Wool is a fan favorite for the colder months of the year, and for good reason. It’s soft, warm, and can be worn as any of your favorite winter layers. It's a totally natural fibre, which means, if it isn't mixed with other fibres when it's produced, it can be composted (and you all KNOW how much I love composting!) It's super durable - even resistant to flame, if that's something that you are worried about - and wicks moisture away from the body keeping you warm and dry all winter. There is a reason humans have been using wool to cover their bodies for literal centuries, and why it's still so popular today. It's awesome!
But, unfortunately, there are some bad bits to the wool story. Whether you are an old or new follower of my clothing, you’ll notice I work primarily with natural materials like tencel (check out my blog all about tencel here), organic cotton and hemp, while avoiding synthetic and also animal fibres, including wool. This isn’t because I don’t enjoy wool or think it would do well with my line, it’s because of the way that the majority of wool in the market is obtained. Womp Womp.
I won’t go into great details about the exact process because frankly it is quite gruesome and incredibly sad, I will however explain it in the lightest and fluffiest way possible. If you didn’t know, wool is a soft fiber obtained from sheep (CUTE!) and is very popular because it absorbs moisture to keep you warm but continues to breathe (which is why it’s a great material for fall and winter). Majority of the worlds wool comes from Australia, where sheep have been bred to have wrinkly skin. Wrinkly skin means more surface area, which means more wool! This excess of cute sheep fluff presents itself as a problem for the sheep because when they “do their business”, it gets caught in the hind area and attracts flies. SO, to avoid this, farmers perform what is called mulesing. Now this is where it gets shocking… The basis of this process is that the farmer strips away chunks of skin from the sheep’s hindquarters, causing a hard, painful callus. No dirty wool, no flies. However, often times the sheep are given no painkillers nor antibiotics and the exposed skin becomes inflected, which attracts more flies anyways. Awful stuff. (For more information on mulesing, check out the PETA website here.)

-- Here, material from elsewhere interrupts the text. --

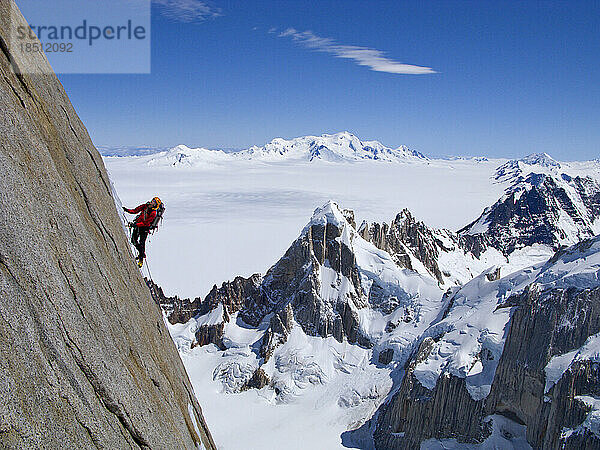 Ein Kletterer erklimmt die steile Nordwand des Torre Egger mit den Gipfeln des Cerro Rincon darunter und den Gletschern des südlichen Pennsylvania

I’m sorry if I’ve ruined your favorite sweater for you, but there is some light in all this sadness. Big global companies like Adidas and HUGO BOSS are avoiding and even banning the use of wool in their lines due to the animal cruelty behind mulesing! The best way to help support the banning of mulesing is to avoid purchasing virgin wool items all together.
Now, I don't meant to turn you off of wool completely, I'm just explaining the reasons that we don't use it in our collections. There are plenty of ways to still be able to wear AND love wool! And really, it's as simple are doing some research (ah yes… the thing we all love doing the most).

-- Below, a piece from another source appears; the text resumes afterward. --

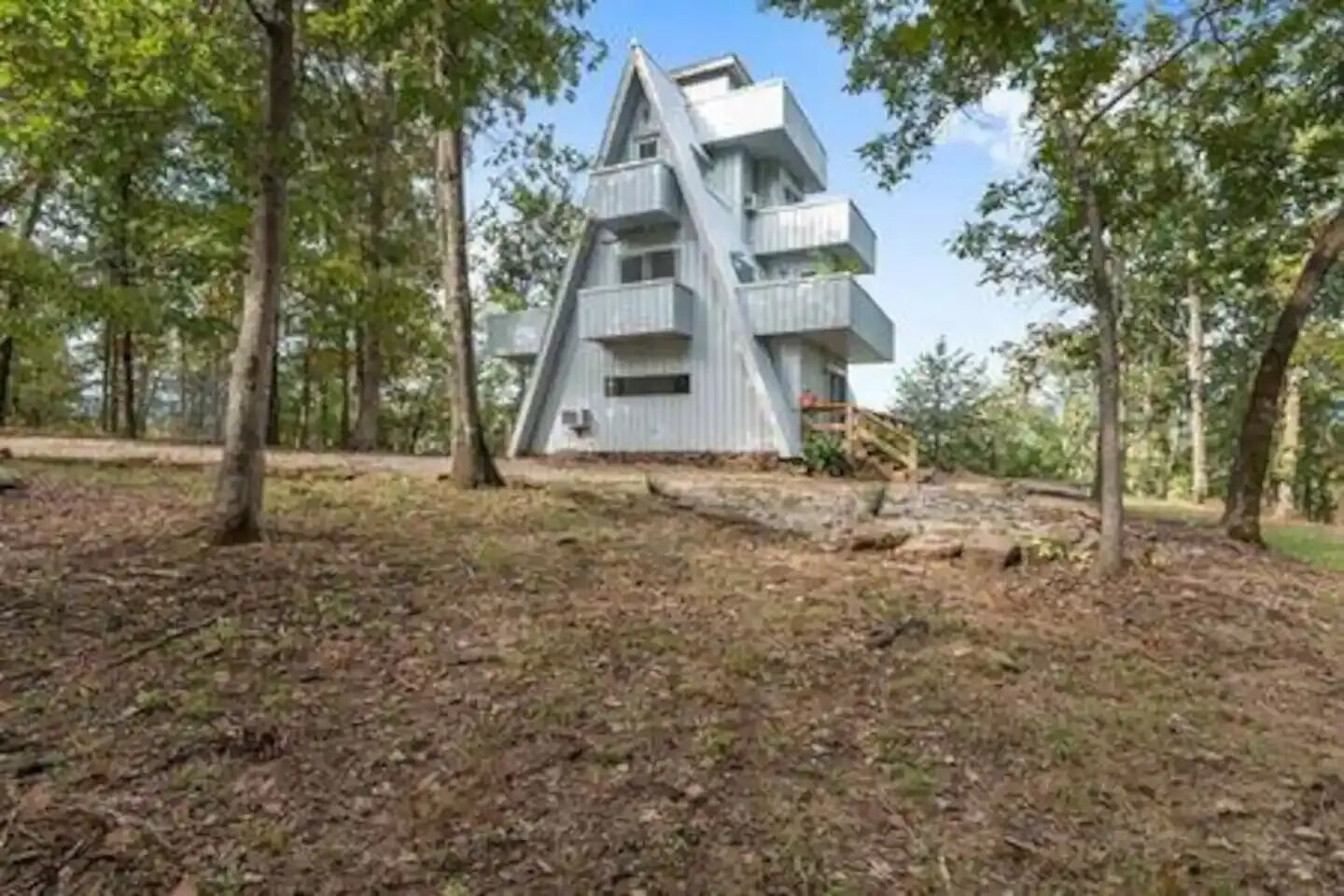 En modern, flervåningsbyggnad med balkonger, omgiven av träd i ett skogsområde.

#1: Make sure you know where the wool is coming from before you purchase it. This could mean asking the sales person if they know, googling the brand, or reading the tag! Lots of brands are switching to muelsing-free wool, and trust me, if they are using it, they will be shouting it from the rooftops and you won't have to dig very deep to find information.
#2: Shop second hand for your wool goodies. Wool lasts preeeetttyyy much forever if it's taken care of well, so it's always possible to find beautiful wool garments in your favourite thrift shop. Anyways, good, 100% wool garments are hard to find (and expensive!) nowadays, so better to find them at a discount anyways.
#3: Lots of amazing companies (local Victoria company Anian is a great example) are using recycled wool - wool that has been taken from discarded wool garments, broken down to fibres, and re-spun into beautiful wool yarn again! You get a beautiful new wool sweater, and no animals were harmed in the (re)making of it!
Final words: This isn't a political stand. To us, cruelty-free is just good business.
Here at (Ag)+(Au) we believe natural fabrics are always best, and one day plan on figuring out a cruelty-free, sustainable way to use wool in our collection. We believe that it's our duty as a business to improve life on the planet (be it animal, plant or human) through being conscious about where our raw materials come from, how they are being obtained and the conditions they are being produced in. So until we find a wool supplier we can 100% back, we'll stick to our plants, thank you very much.
Being a conscious consumer helps more people than just yourself, it also helps improve the lives of animals that provide you with the products you know and love!